Vous inspirez toute une génération de jeunes et d’enfants pour se projeter dans le tennis compétitif, comptez-vous un jour aller plus loin et vous investir dans la formation et l’accompagnement?
Oui, je rêve de fonder ma propre académie pour former et accompagner les jeunes afin d’en faire des joueurs de tennis professionnels qui réussissent leur carrière à l’échelle internationale. Connaissant très bien le sport de haut niveau et ses difficultés, je voudrais faire profiter de mon expérience, partager mon savoir-faire pour guider les jeunes et les aider à réaliser leur potentiel. Je pense que mon parcours est unique, c’est sa force. Je compte m’appuyer dessus pour apporter beaucoup d’espoir aux futures générations de joueurs tunisiens. Un des défis est d’arriver à pérenniser la présence de joueurs de tennis tunisiens sur le devant de la scène. Parvenir à ce résultat serait formidable pour le sport tunisien, notamment pour les valeurs qu’il inculque à notre jeunesse.
Quels sont vos projets aujourd’hui? Dans quels secteurs vous voyez-vous investir ou investissez-vous?
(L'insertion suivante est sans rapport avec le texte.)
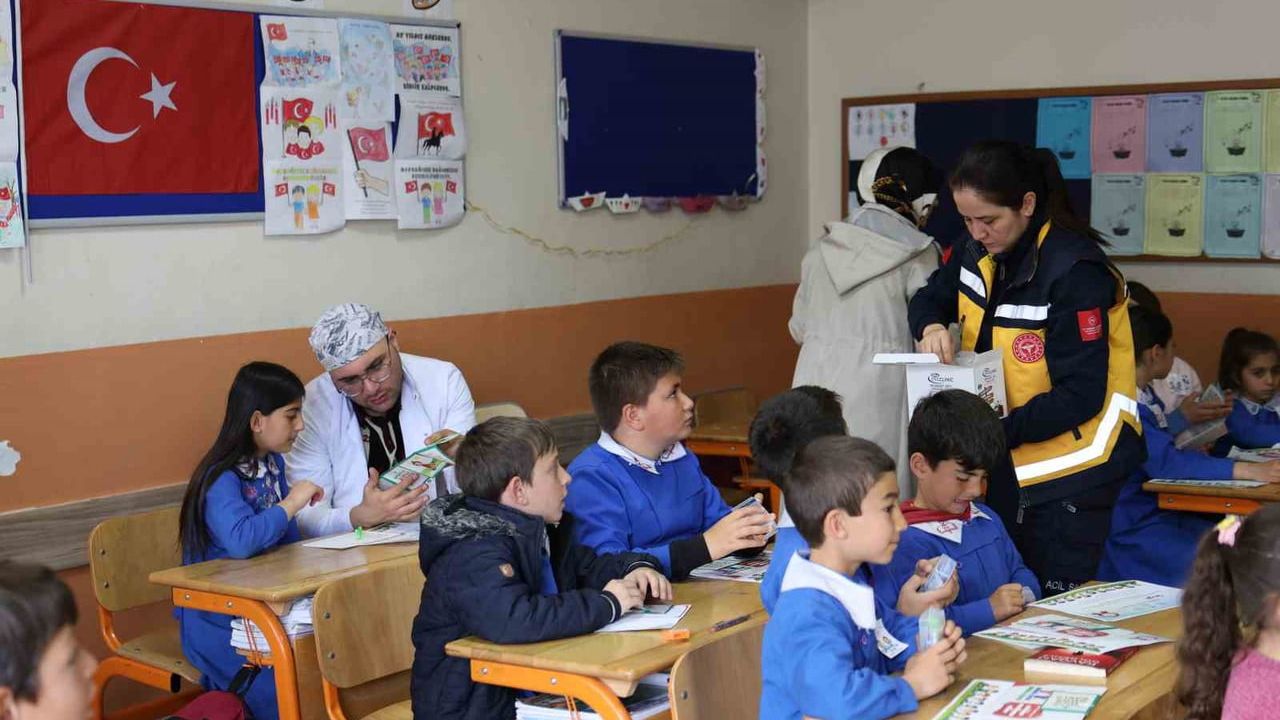 Bayburt'ta öğrencilere 'Sağlıklı Çocuk, Sağlıklı Gelecek' kapsamında sağlık eğitimi verildi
J’ai un projet en tête mais je préfère rester discrète à ce sujet. J’y travaille actuellement et ce sera un plaisir de le partager en temps voulu. Vous l’avez compris, quand j’ai un objectif, je travaille d’arrache-pied et je me donne les moyens de réussir, je ne veux pas gâcher cela, puisqu’il reste encore de nombreuses choses à mettre en place avant de pouvoir en parler publiquement.
Quels conseils donneriez-vous à des jeunes qui veulent se lancer dans l’entrepreneuriat sportif de haut niveau?
Pour réussir, il faut croire en ses rêves, avoir confiance en soi et travailler extrêmement dur pour réussir ses projets. La détermination et la motivation sont les deux chemins de la réussite. Les difficultés, les obstacles et le manque de moyens ne doivent pas arrêter la poursuite d’un objectif. Je suis convaincue qu’avec ces deux clés et un travail rigoureux, persistant et professionnel, il est possible de réaliser de très grandes choses. Il faut oser rêver et s’y consacrer à 100%.